• _YOUR ASSIGNMENT_: Retype exactly what appears below from the line containing "Кнопка металлическая, врезная, НЗ/НР" down to the line containing "PYÖR. PISTIKE 4 MM PUN 10 KPL K27 400-L02427", keeping both end lines. Do not include pictures.

[DATA SUPPLIED]

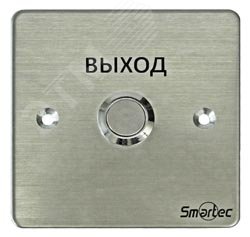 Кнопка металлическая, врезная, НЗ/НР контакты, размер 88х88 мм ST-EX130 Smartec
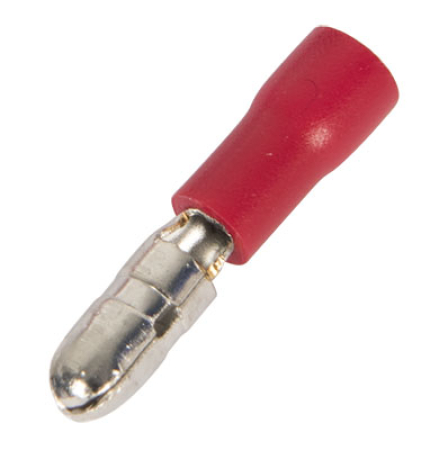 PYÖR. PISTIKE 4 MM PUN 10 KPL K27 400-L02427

[/DATA SUPPLIED]
[DATA SUPPLIED]

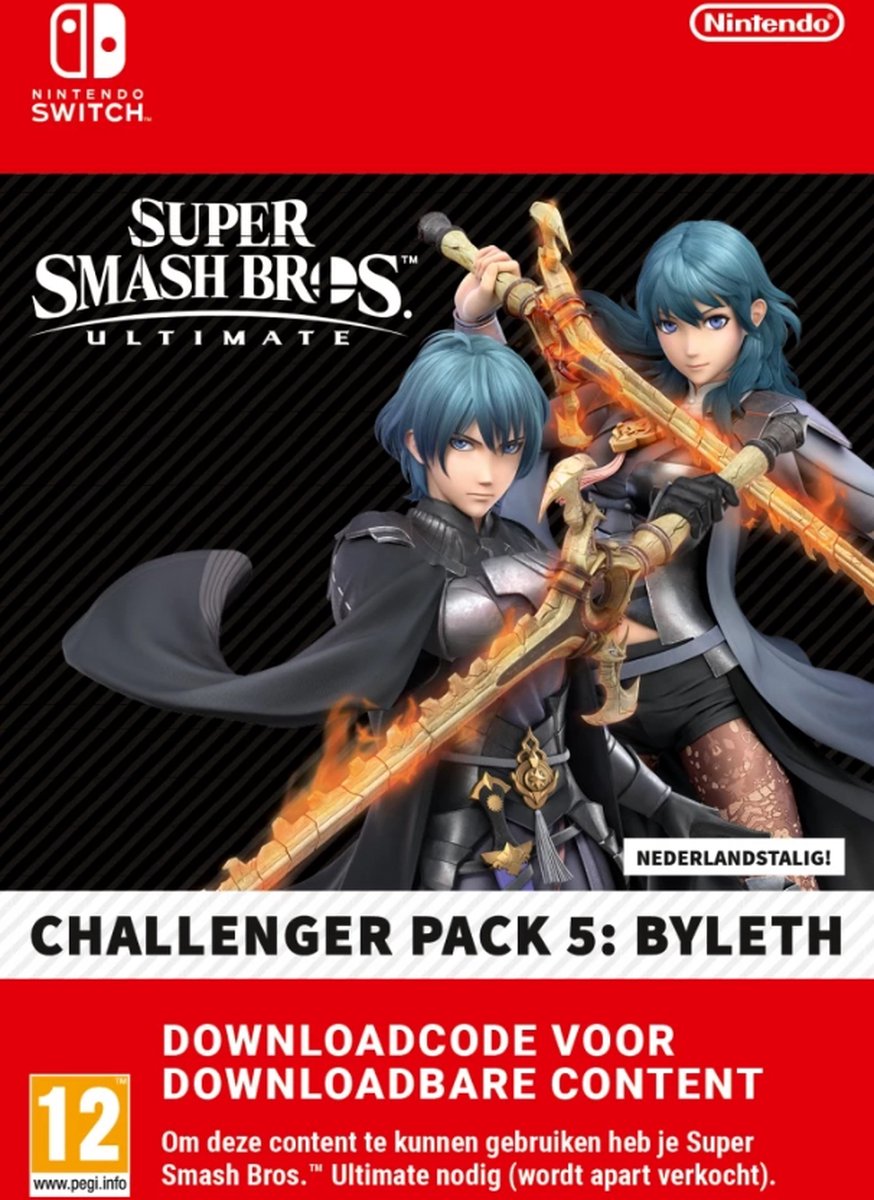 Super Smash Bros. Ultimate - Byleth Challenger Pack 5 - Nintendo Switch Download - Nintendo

[/DATA SUPPLIED]
[DATA SUPPLIED]

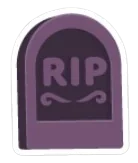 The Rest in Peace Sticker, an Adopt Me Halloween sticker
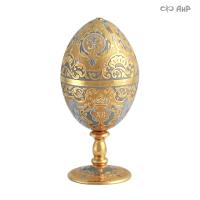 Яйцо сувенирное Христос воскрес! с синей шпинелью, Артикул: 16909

[/DATA SUPPLIED]

• _SOLUTION TO THE EXERCISE_:
 Кнопка металлическая, врезная, НЗ/НР контакты, размер 88х88 мм ST-EX130 Smartec
 PYÖR. PISTIKE 4 MM PUN 10 KPL K27 400-L02427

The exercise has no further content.